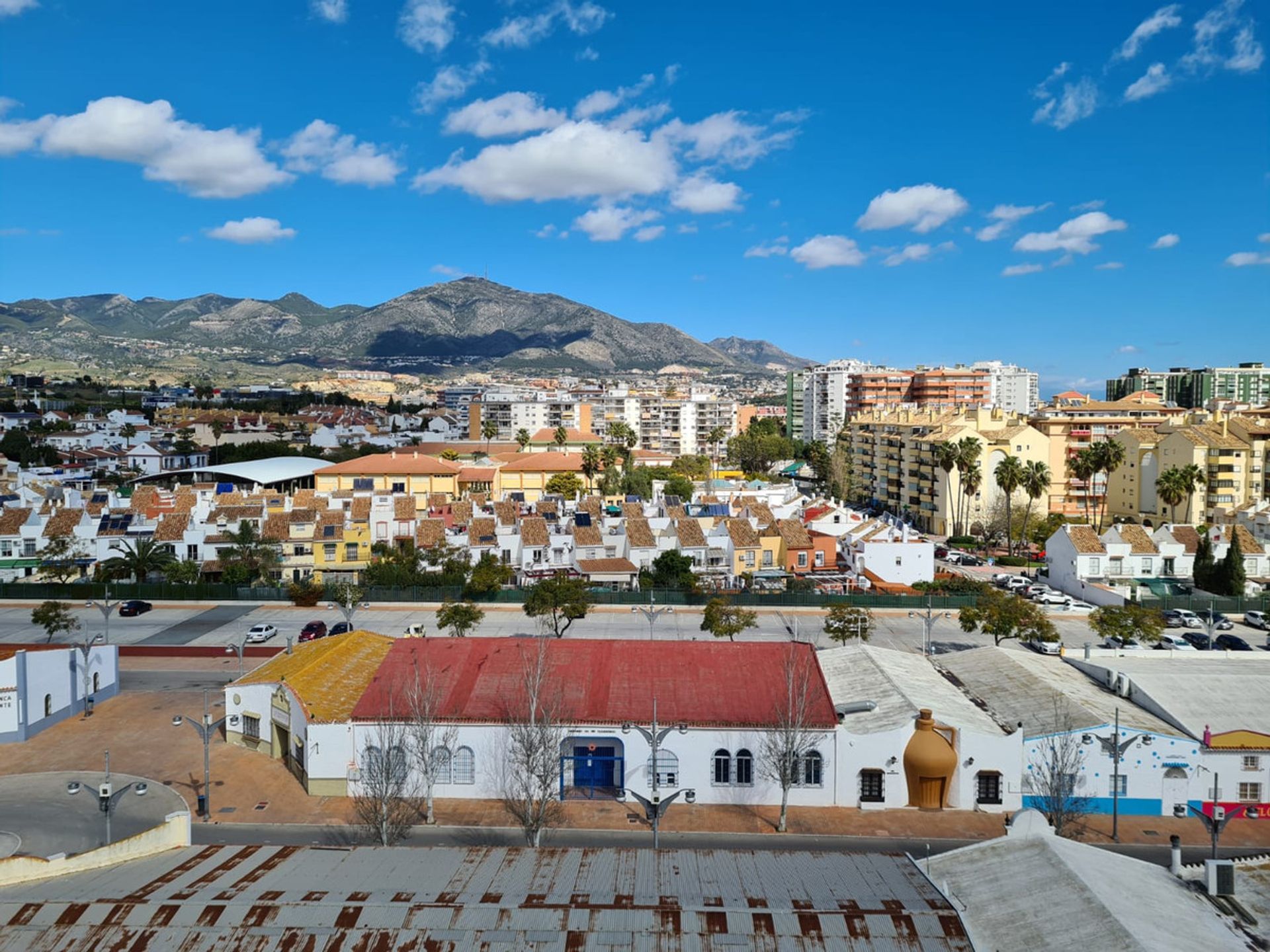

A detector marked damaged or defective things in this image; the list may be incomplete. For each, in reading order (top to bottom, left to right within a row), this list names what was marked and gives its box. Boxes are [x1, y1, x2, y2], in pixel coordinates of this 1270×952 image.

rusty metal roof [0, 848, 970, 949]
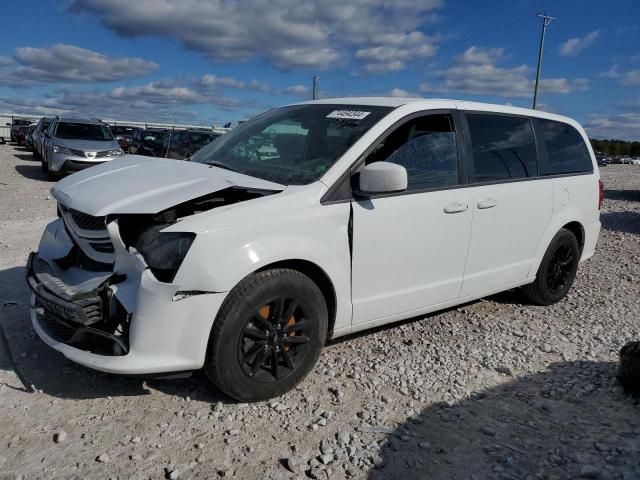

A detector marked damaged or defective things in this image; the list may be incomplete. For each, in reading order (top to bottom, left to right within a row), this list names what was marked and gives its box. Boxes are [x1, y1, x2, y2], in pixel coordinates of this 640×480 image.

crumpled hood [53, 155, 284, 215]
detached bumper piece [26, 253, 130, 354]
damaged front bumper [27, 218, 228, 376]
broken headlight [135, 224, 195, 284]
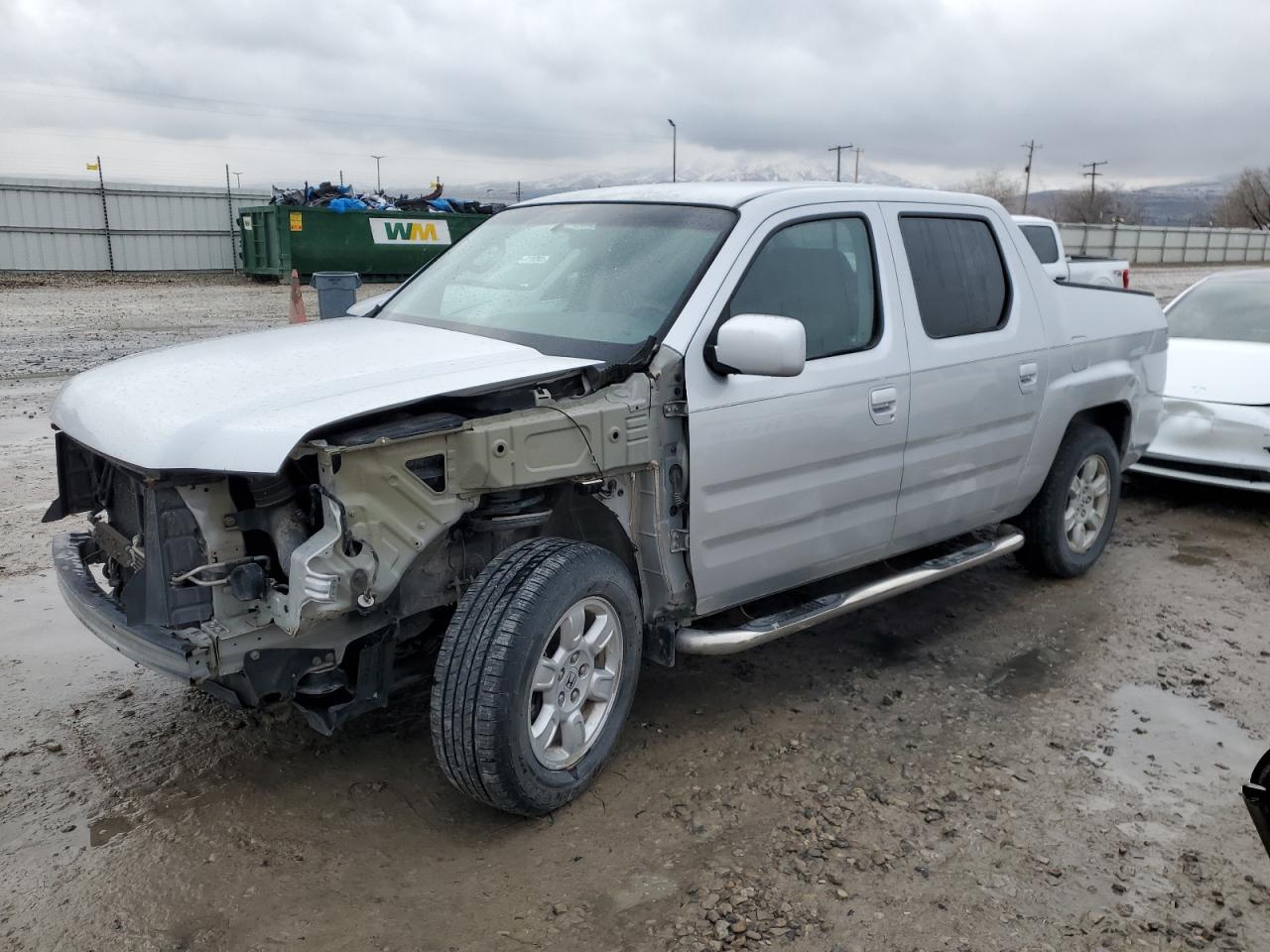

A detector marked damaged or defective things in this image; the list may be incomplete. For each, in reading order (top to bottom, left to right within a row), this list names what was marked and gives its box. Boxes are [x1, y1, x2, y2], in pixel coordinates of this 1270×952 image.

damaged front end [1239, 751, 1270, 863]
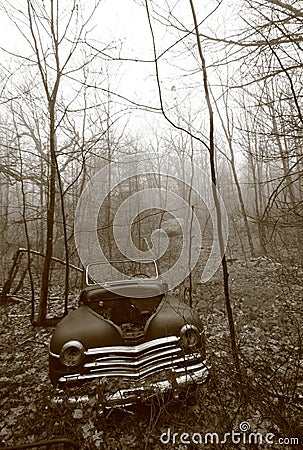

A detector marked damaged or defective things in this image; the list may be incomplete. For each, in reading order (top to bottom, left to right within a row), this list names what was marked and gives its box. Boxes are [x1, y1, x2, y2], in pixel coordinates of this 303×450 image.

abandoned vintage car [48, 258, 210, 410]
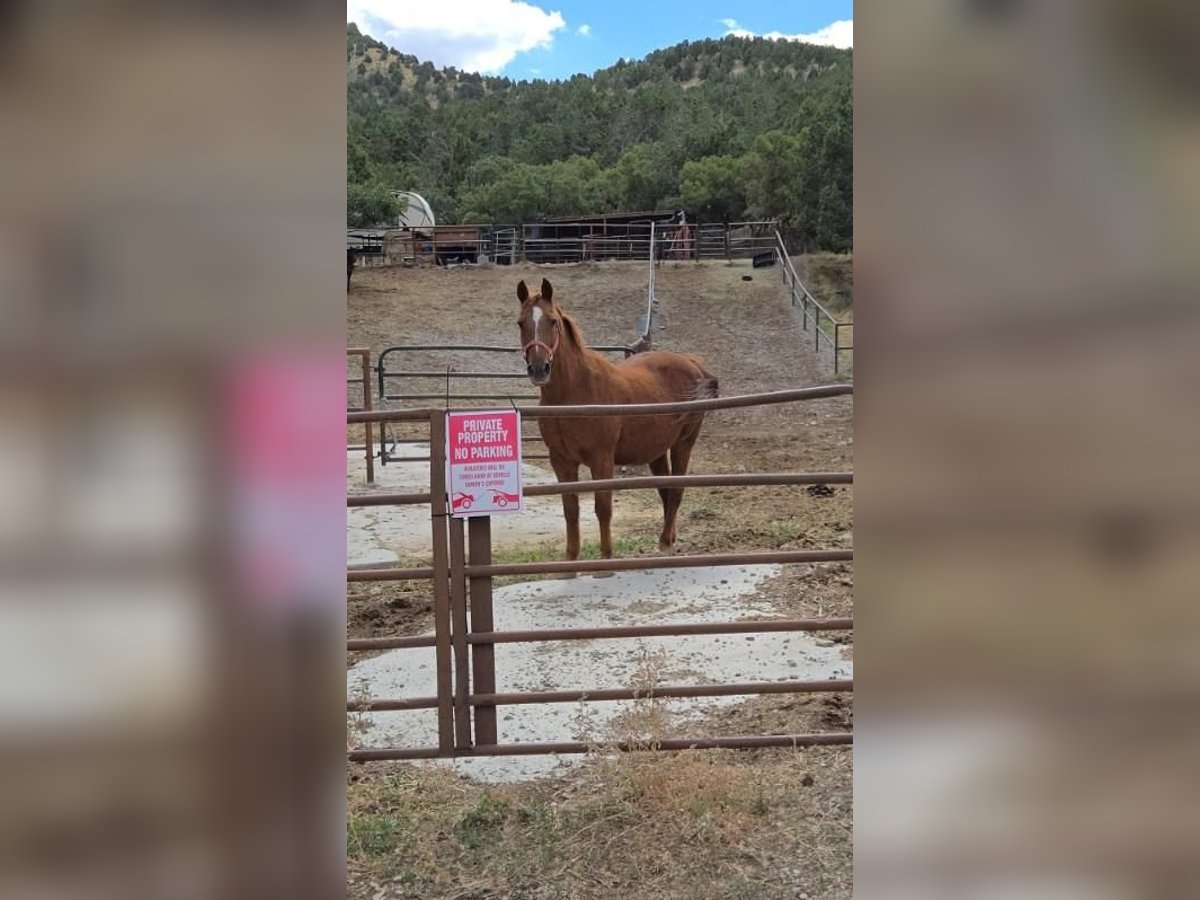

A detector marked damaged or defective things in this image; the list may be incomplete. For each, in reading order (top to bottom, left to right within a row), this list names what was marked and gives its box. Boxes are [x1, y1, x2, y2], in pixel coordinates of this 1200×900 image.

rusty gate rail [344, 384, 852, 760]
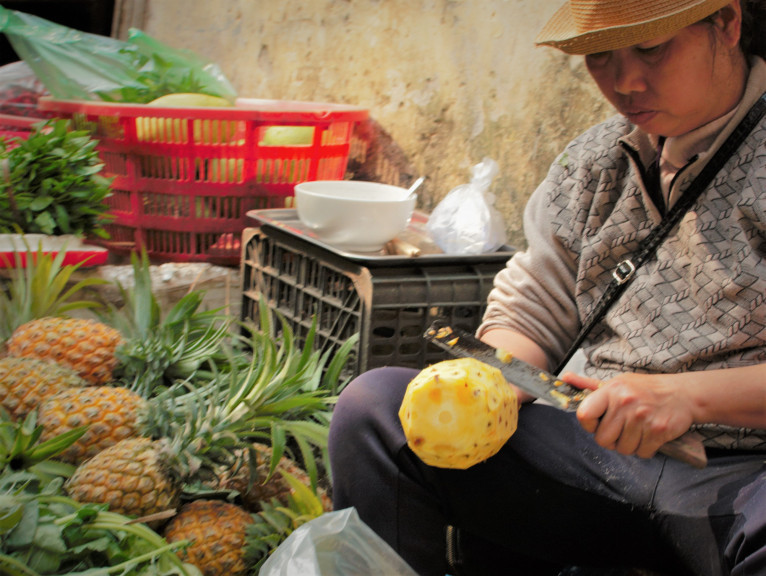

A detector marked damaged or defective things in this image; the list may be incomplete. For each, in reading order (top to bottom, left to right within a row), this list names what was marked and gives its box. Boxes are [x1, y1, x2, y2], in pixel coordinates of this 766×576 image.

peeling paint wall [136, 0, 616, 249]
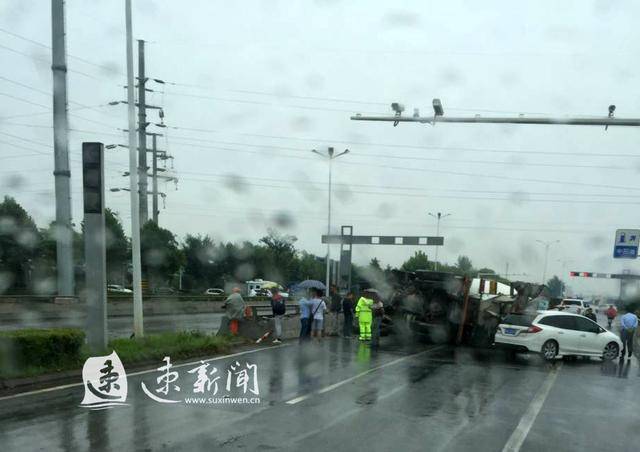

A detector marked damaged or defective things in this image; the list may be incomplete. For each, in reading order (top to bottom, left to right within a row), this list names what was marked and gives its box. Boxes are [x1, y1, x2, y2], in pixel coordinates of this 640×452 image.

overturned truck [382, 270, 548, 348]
-------
**Work item:** Apart from the pictures, every line above must be printed exactly.

**Written solution:**
A detector marked damaged or defective things in this image; the list may be incomplete. For each, in reading order (top to bottom, left to right within a row), this list names what was marked and gives its box. Boxes are [x1, y1, x2, y2], in pixel coordinates of this 1270×952 image.

rusty metal roof [0, 848, 970, 949]

A detector marked damaged or defective things in this image; the list may be incomplete. For each, in reading order (top to bottom, left to right within a row), this list names what was marked and gives its box. Boxes are [x1, y1, x2, y2], in pixel coordinates of this 640×480 image.

crumpled hood [53, 155, 284, 215]
detached bumper piece [26, 253, 130, 354]
damaged front bumper [27, 218, 228, 376]
broken headlight [135, 224, 195, 284]

A detector marked damaged or defective things in this image; the list may be incomplete. For each, in reading order (top to bottom, left to right within a row), this list names what was marked and gives its box. Boxes are [x1, y1, x2, y2], in pixel coordinates of this 1270×952 image.

damaged front end [1239, 751, 1270, 863]

A detector marked damaged or defective things in this image; the list may be incomplete. For each, in reading order (top to bottom, left to right within a row), this list names what was marked and gives its box. Boxes are [x1, y1, x2, y2], in pixel coordinates of this 303×450 image.

abandoned vintage car [48, 258, 210, 410]

A detector marked damaged or defective things in this image; the list may be incomplete. For each, in reading order (top to bottom, left to right within a row), this list names what was marked and gives its box. Boxes are [x1, y1, x2, y2], in pixel coordinates of this 1200×900 image.

rusty gate rail [344, 384, 852, 760]

A detector marked damaged or defective things in this image; the list may be incomplete. For each, in reading order (top to bottom, left to right within a row), this list names what was marked and gives its box. Boxes are [x1, y1, x2, y2], in pixel coordinates of this 766×576 image.

peeling paint wall [136, 0, 616, 249]

A detector marked damaged or defective things in this image; the list may be incomplete. For each, in reading order (top to bottom, left to right within a row), this list names what was marked and gives its box. Boxes are [x1, y1, x2, y2], in pixel coordinates of this 640×452 image.

overturned truck [382, 270, 548, 348]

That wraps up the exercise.